Recently, astronauts encountered a problem at the International Space Station when they needed to fix a problem with an electrical unit that needed replacing. Using resourcefulness, they were able to make the necessary fix using an ordinary toothbrush.
On Aug. 30, NASA astronaut Sunita Williams and Japanese spaceflier Akihido Hoshide ran into a problem when they needed to make a swap of a switching unit at the International Space Station. They did not have a tool to make the fix when they found a "sticky bolt" on the main bus switching unit (MBSU) prevented them from securing the replacement switching unit.

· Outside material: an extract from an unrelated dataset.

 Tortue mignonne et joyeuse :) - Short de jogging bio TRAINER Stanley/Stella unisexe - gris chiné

According to Space.com, the astronauts, with the assist of NASA engineers, were able to make the replacement on Sept. 5. To get the job done, it required the use of a toothbrush and unplanned spacewalks.
The duo used the toothbrush, along with a pressurized can of nitrogen gas to clean out metal shavings that were halting repair. Hoshide had described "a lot of metal shavings coming out" as he diligently worked to clean out the blockage.

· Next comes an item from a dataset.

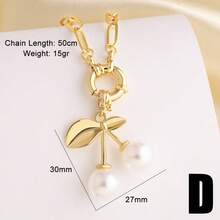 Dây chuyền mặt dây hình quả anh đào đính ngọc trai giả, kiểu dáng phóng đại, dây xích mạ đồng vàng hình kẹp giấy, trang sức dành cho nữ. - Vàng - Xem 9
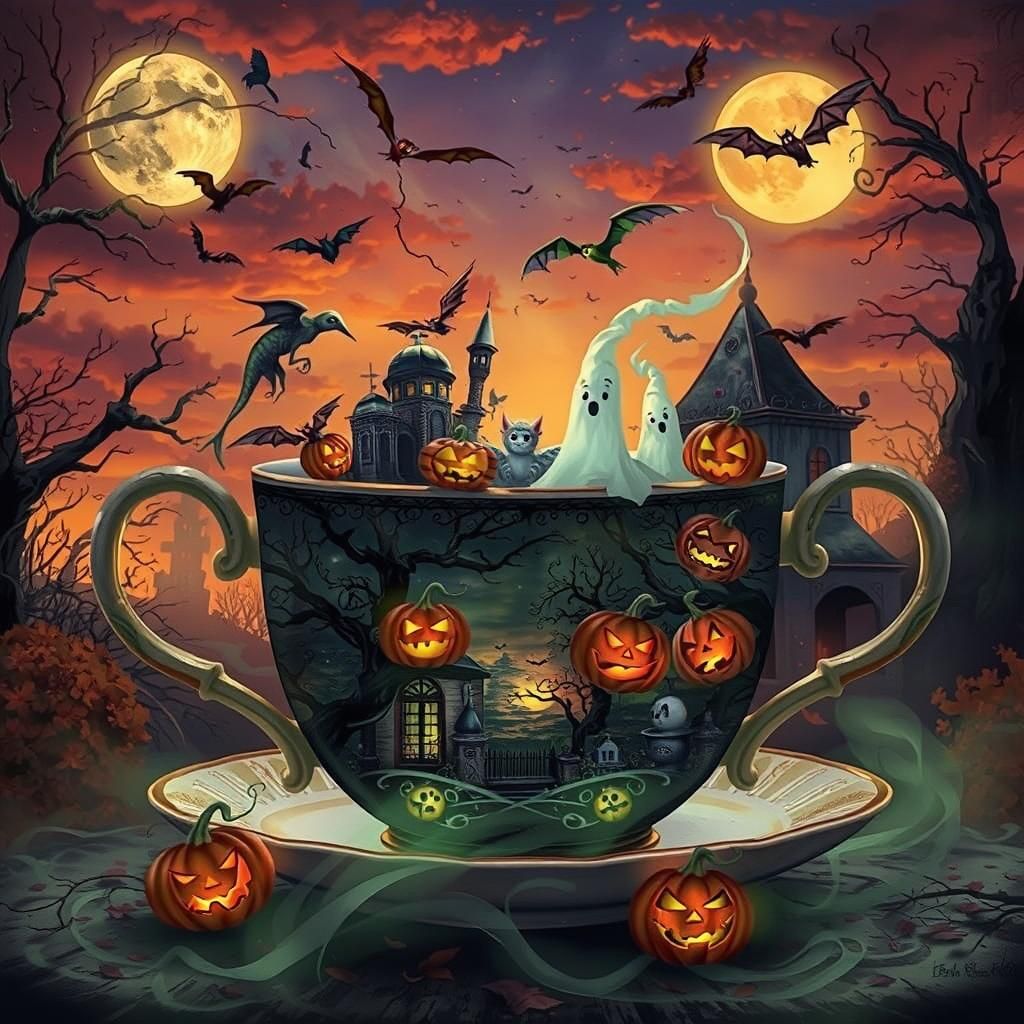 Halloween Teacup: A Mystical Miniature World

"Looks like you guys just fixed the station," astronaut Jack Fischer radioed from Mission Control at NASA's Johnson Space Center in Houston, reported several media outlets. "It's been like living on the set of 'Apollo 13' the past few days. NASA does impossible pretty darn well, so congratulations to the whole team."
CBC News reported Mike Suffredini, NASA's space station program manager, said the bolt had probably been damaged before launch during the installation, explaining the presence of the metal shavings.
With the extra spacewalk, Williams set a new record for a female spacewalker.